Like they forced those awaiting a Punishment to accept its meaning. Of course this was a thing she had never witnessed in her short novitiate, it was a rare occurrence.

They would put them in the same kind of cell Mirasintsa had recovered in after her whipping at sunrise. Just, they'd put a chain across the entryway. You could climb over it or crawl under it. Or just take it away entirely. When any member of the Order awaited a Punishment, they'd open the main portal during the night. There would be sentries to keep bandits out but they would not hold anyone back who tried to leave. Because they wanted those awaiting Punishment to make it their own choice, to accept it. So that they knew their heart again, because the reason for Punishment was of course that the heart had betrayed.

And so perhaps for this reason they let Mirasintsa keep the dagger, to learn if there was any betrayal in her heart.

Mirasintsa had come upon the Lady contemplating it, in front of her mirror. She had watched a while standing quiet. Then the Lady had noticed her – in the mirror – and turned.

It was best to ask right away and so she did, she had asked what it was for. The Lady had told her to sit then, on one of the cushions.

It's mine and it's for me”, she'd said, “it's my secret, all too beautiful to foul with fiends' blood; it is for when they come for me, when all fails”.

Mirasintsa had shuddered at the blasphemous suggestion.

The Lady breathed deep, then unbuttoned herself to the chest, offering herself to unseen fates, raising the blade to her own throat and pulling lightly across. “It would be much more difficult than it seems, even with such a sharp edge”. Then pointing the tip at her left breast, to push in between the ribs, “This too, easy to imagine; but when it must be done I fear I'd fail. Or take too long. It must be done within a heartbeat.” Then she set the point to the hollow at the base of her neck, angled it just so, grasping around the crossguard with her left hand and raising her right to hammer-strike hard with the heel of the hand down onto the pommel. “Like this I believe. For the first moment it is nothing, then drowned in one's own blood.

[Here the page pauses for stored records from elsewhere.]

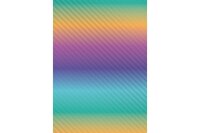 R-Papier Florida 70cmx250m 80g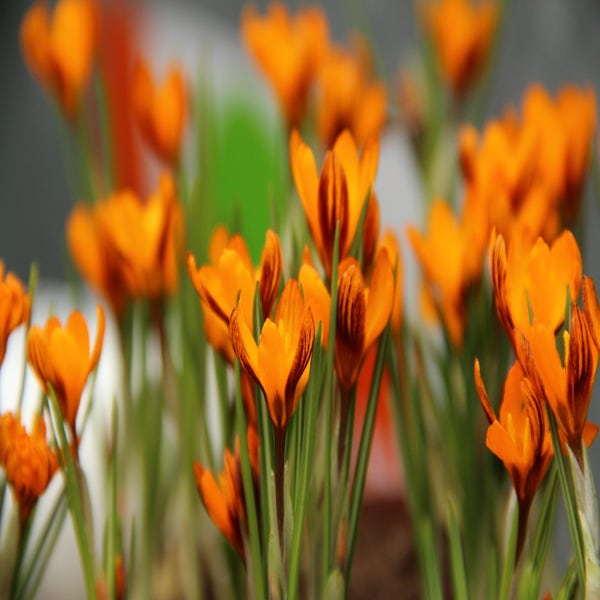 Crocus balansae 'Orange Monarch' (Krokus)
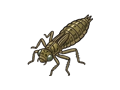 Dragonfly larva illustration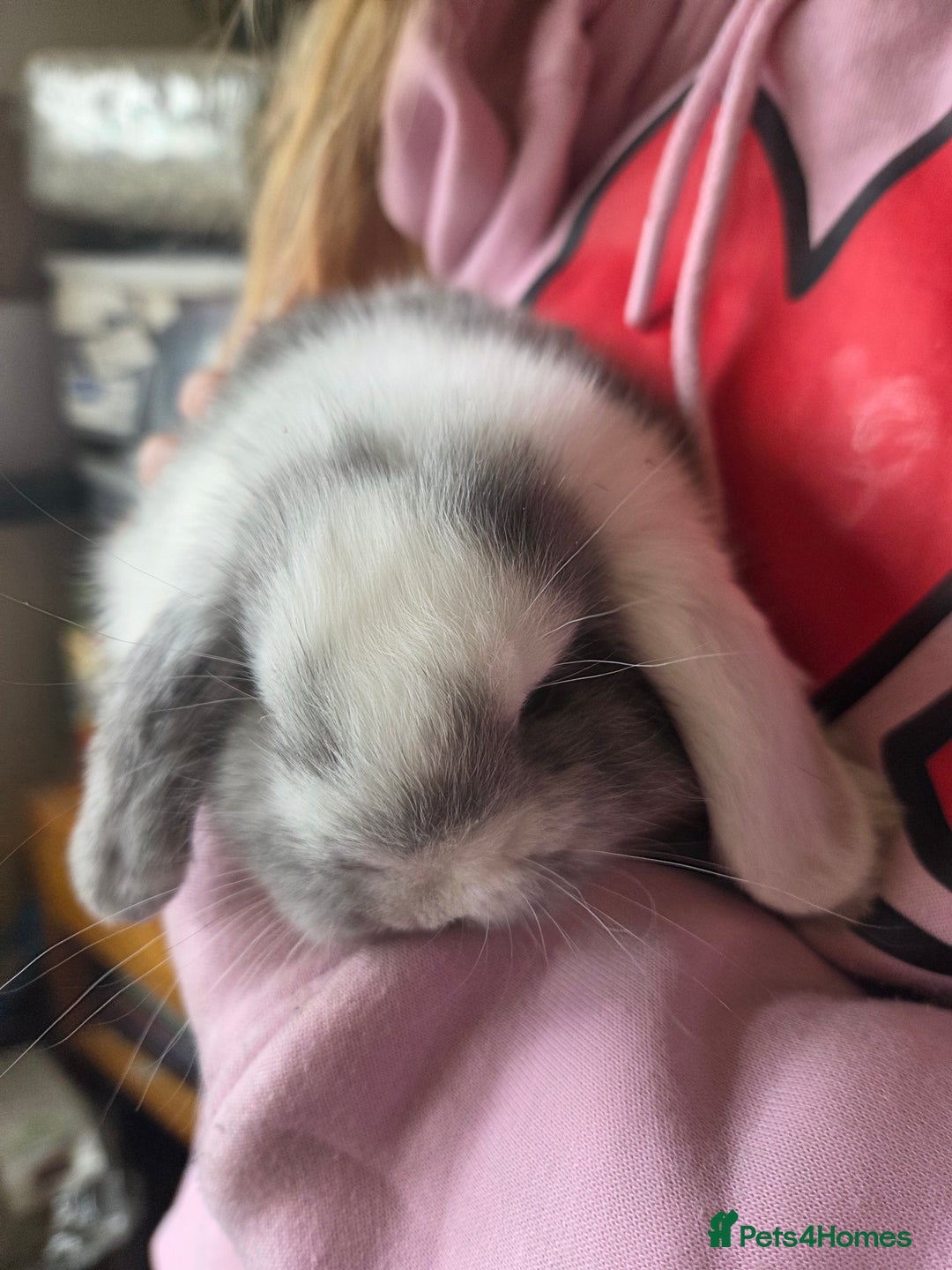 Mini Lop rabbits for sale: 🐰 Mini Lop Rabbits – Loving Homes Wanted 🏡 - Advert 17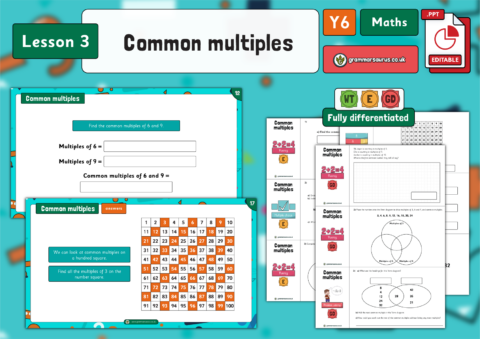 Year 6 Addition, Subtraction, Multiplication and Division – Common ...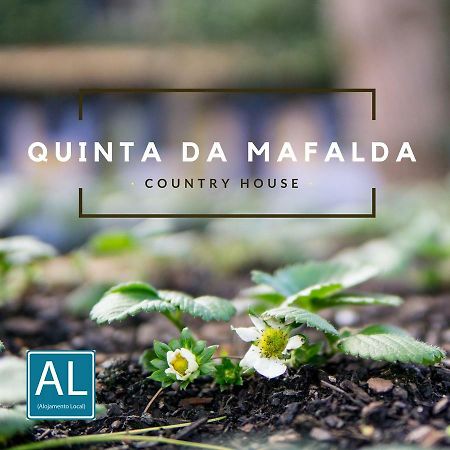 Quinta Da Mafalda Mira  Zewnętrze zdjęcie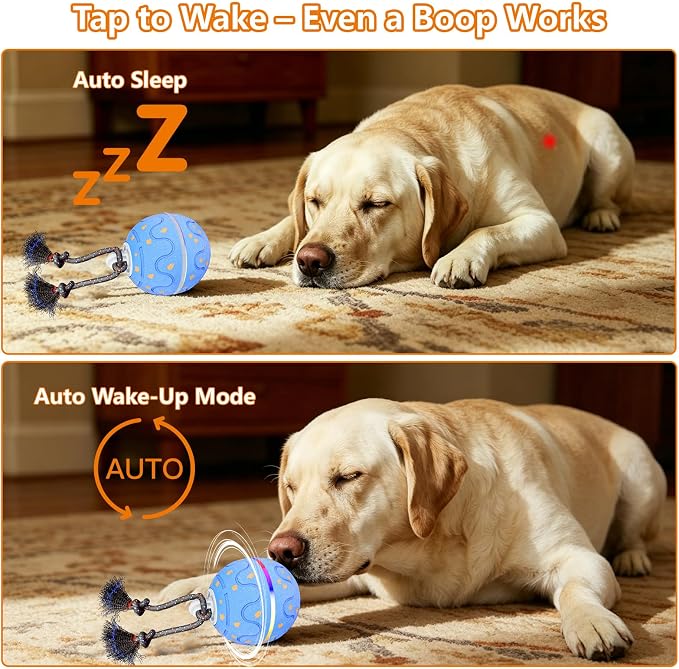 Interactive Dog Ball Toy with 2 Rope, Automatic Rolling & Bouncing Smart Dog Toy with Bird Chirping Sound and LED Light, Soft ETPU Chew-Safe Material, USB Rechargeable, for Medium & Large Dogs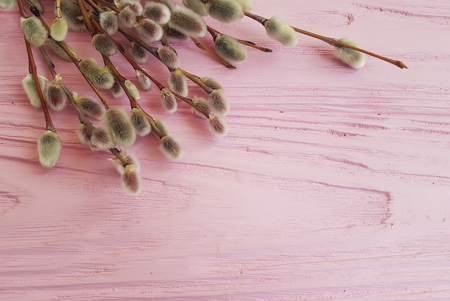 branch of a willowの写真素材
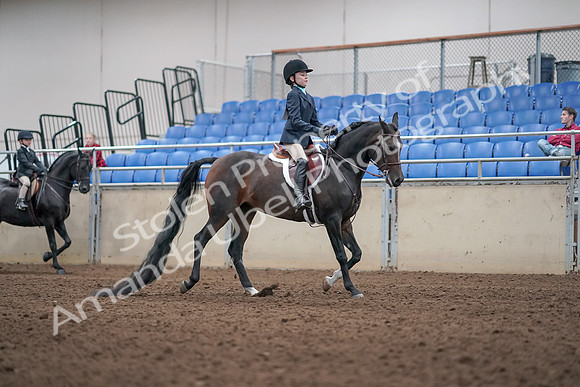 2019 Morgan Horse Show - Aug 31, 2019 - 19625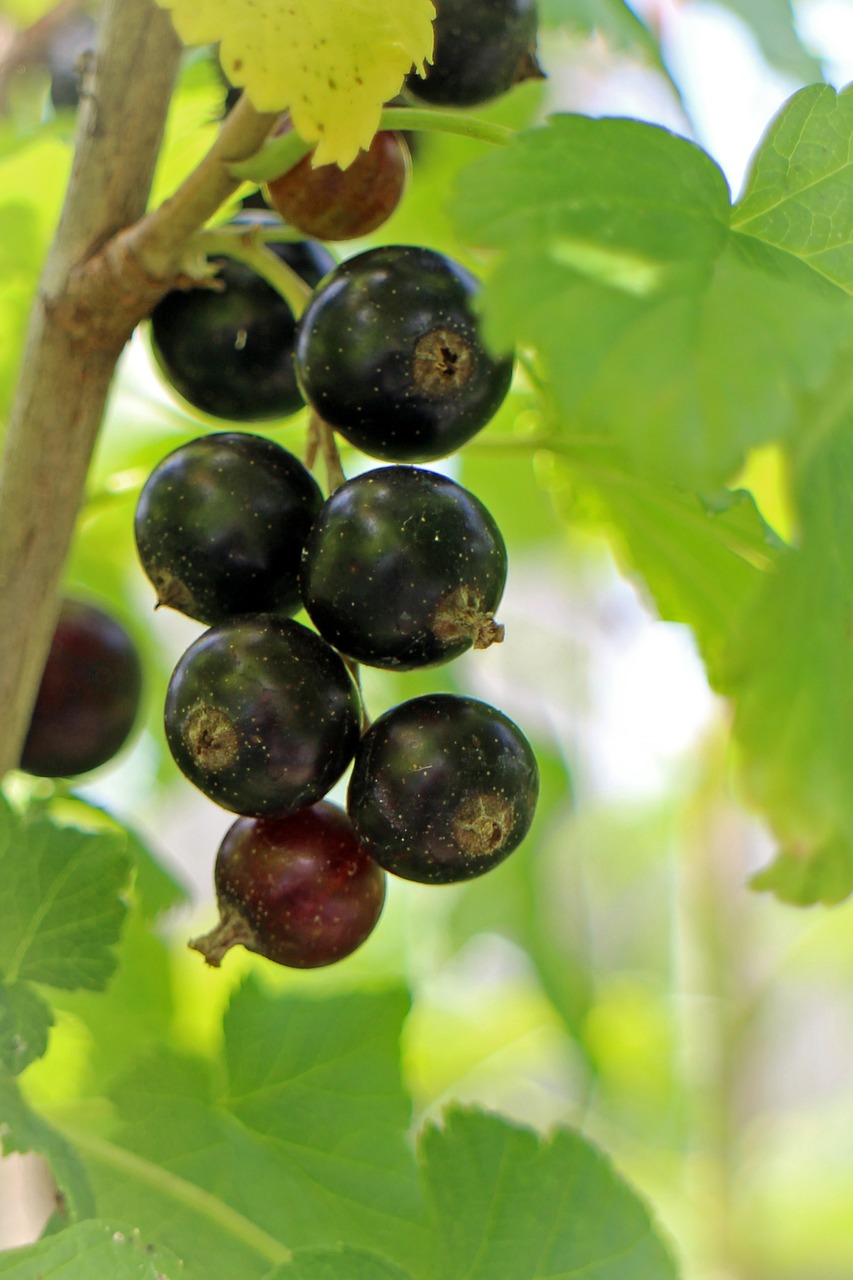 black currant ribes nigrum fruit free photo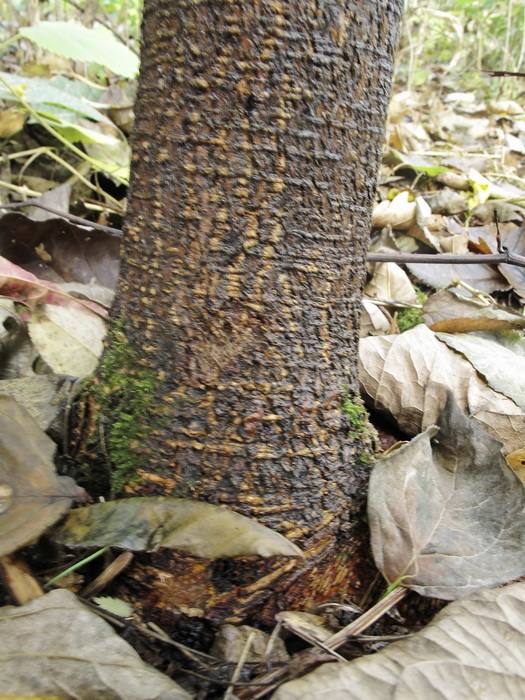 Image of Morus alba specimen.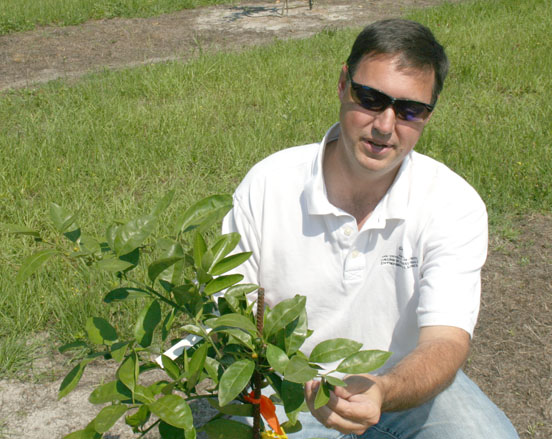 Lowndes County Extension Coordinator Jacob Price looks at a Satsuma orange plant on a private farm in Lowndes County in 2015.
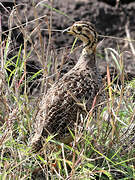 Francolin coqui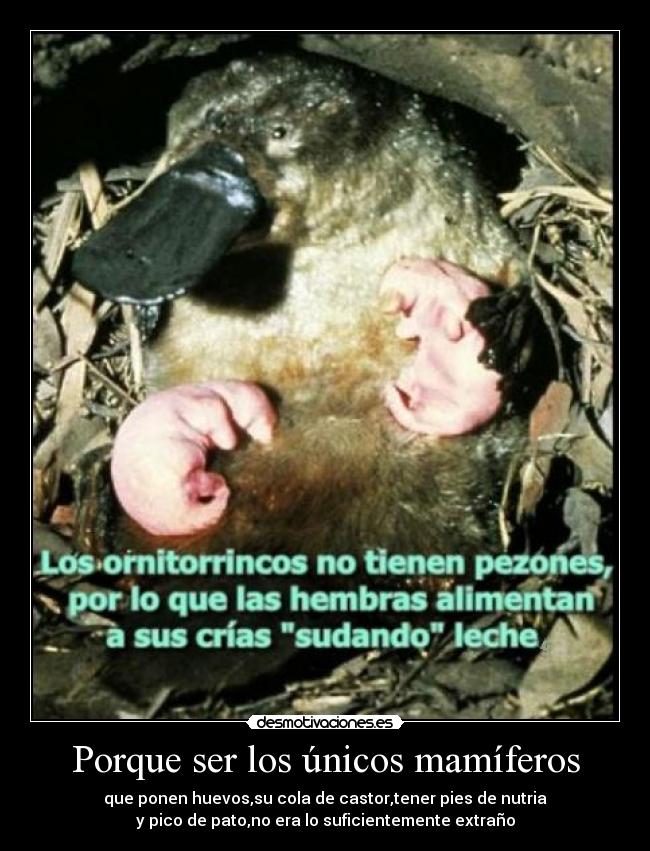 carteles sorry for party rocking imaxi joder con perry signodepregunta desmotivaciones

Mirasintsa had frozen at these words. How could one know such things? Or were these just feverish imaginations? – She knew of the Lady's fears of being captured, fears that sometimes seemed to merge into strange desires, impossible dreams; and she knew how the Lady sometimes recoiled from the lightest accidental touch when other times she desired the hardest and heaviest, but this…

Back in the palace, she had sometimes leafed through the Book of the Names of the Living and the Dead.
Every family of nobility had a copy, and it was amended regularly through sealed letters announcing the births, deaths and marriages of the high-born. Or, the rare ultimate disgrace. Tyrants, fools, drunkards, they all still graced the pages of the Book. There was only one way to have your name struck through, and that was to die by your own hand. Flipping through the pages, rarely you saw such names, struck through or scratched out – the ultimate, unerasable disgrace.
 
Because they wanted those awaiting Punishment to make it their own choice, to accept it.
Submission, acknowledgement of transgression, acceptance of punishment. Your own choice.

struck through or scratched out – the ultimate, unerasable disgrace.
And marks, once made, remain. Erased, smudged, no matter how well, some trace, some memory, always remains. Until the price has been paid.
 
For our shared memories and ... if you ever need it for yourself.
She hadn't wanted to do it but now she had to look at the blade.
Unwrap it.
Touch it, feel it.
For their shared memories…


...Back in the palace, she had sometimes leafed through the Book of the Names of the Living and the Dead.
...There was only one way to have your name struck through, and that was to die by your own hand. Flipping through the pages, rarely you saw such names, struck through or scratched out – the ultimate, unerasable disgrace.

Even the struck-through names leave their mark, like spectres, like the memory of a long-past lover or enemy, the stripes of the pen on the pale skin of the story, gradually fading, but never quite disappearing. And the story that was told waits for a chance to live again, to guide the unfolding of the next tale.